En dépit d'un contexte qui pourrait supposer une certaine solidarité européenne vis-à-vis du peuple grec – la gestion de flux de populations migrantes et de camps de réfugiés où s'entassent dans une situation humanitaire alarmante plusieurs dizaines de milliers de personnes – et de précédents historiques – l'annulation de la dette de la République fédérale allemande à hauteur de 60% en février 1953 –, l'Union européenne poursuit sa logique budgétaire marquée par une austérité dogmatique et socialement mortifère. Logique qui accentue pourtant de manière inéluctable le fossé entre les peuples européens et les « élites » politiques et financières.

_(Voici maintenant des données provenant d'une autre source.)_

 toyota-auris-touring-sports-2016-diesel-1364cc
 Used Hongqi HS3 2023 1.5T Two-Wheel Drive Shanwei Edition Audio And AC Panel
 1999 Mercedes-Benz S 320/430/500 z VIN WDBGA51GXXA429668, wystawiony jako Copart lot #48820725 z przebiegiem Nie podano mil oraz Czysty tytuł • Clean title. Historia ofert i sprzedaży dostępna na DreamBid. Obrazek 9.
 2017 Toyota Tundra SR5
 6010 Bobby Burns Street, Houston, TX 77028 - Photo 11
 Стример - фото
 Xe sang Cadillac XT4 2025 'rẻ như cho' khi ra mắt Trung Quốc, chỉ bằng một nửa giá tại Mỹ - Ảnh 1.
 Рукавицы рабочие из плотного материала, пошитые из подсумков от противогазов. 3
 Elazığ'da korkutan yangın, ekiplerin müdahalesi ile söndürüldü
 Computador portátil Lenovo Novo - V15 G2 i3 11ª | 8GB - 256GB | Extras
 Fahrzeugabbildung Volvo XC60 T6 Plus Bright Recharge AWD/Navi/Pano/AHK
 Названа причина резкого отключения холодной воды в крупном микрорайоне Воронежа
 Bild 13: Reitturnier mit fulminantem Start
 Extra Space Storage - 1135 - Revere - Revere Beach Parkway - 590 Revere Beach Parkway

La Commission européenne vient de déclarer l'Espagne et le Portugal en « dérapage » budgétaire et pourrait, en conséquence, annoncer rapidement une sanction, leur déficit n'étant toujours pas passé, en 2015, sous le seuil des 3% du PIB théoriquement imposé par les traités. Cette éventuelle sanction choquante quand on considère l'ampleur des efforts déjà consentis par les Portugais et les Espagnols depuis 2008 pourrait se traduire par une amende équivalente à 0,2% du PIB et par la suspension de certains fonds structurels dont bénéficient les deux pays. Bruxelles laisse un délai de trois semaines pour que les gouvernements espagnol et portugais présentent une série de mesures pour corriger leur « dérive » budgétaire. Un an après ce fameux référendum grec foulé aux pieds par la Troïka, le symbole serait terrible. À l'heure où la gauche portugaise a constitué une alliance inédite pour mettre un terme à l'austérité (suite au scrutin d'octobre 2015) et où le mouvement Podemos s'inscrit durablement dans le paysage politique espagnol (avec plus de 20% des voix aux législatives de décembre 2015 comme à celles de juin 2016), l'UE n'a toujours pas compris l'impact de ce type de posture sur la démocratie européenne, pas plus que ne l'ont d'ailleurs compris les gouvernements allemands et français. Si aucun changement dans les rapports de force intra-européens n'est à prévoir dans les années à venir, on peut supposer que les situations de désespoir social et la dégradation des rapports entre gouvernants et citoyens vont se poursuivre, accentuant par ailleurs le discrédit de la démocratie autant que de l'idéal de la construction européenne.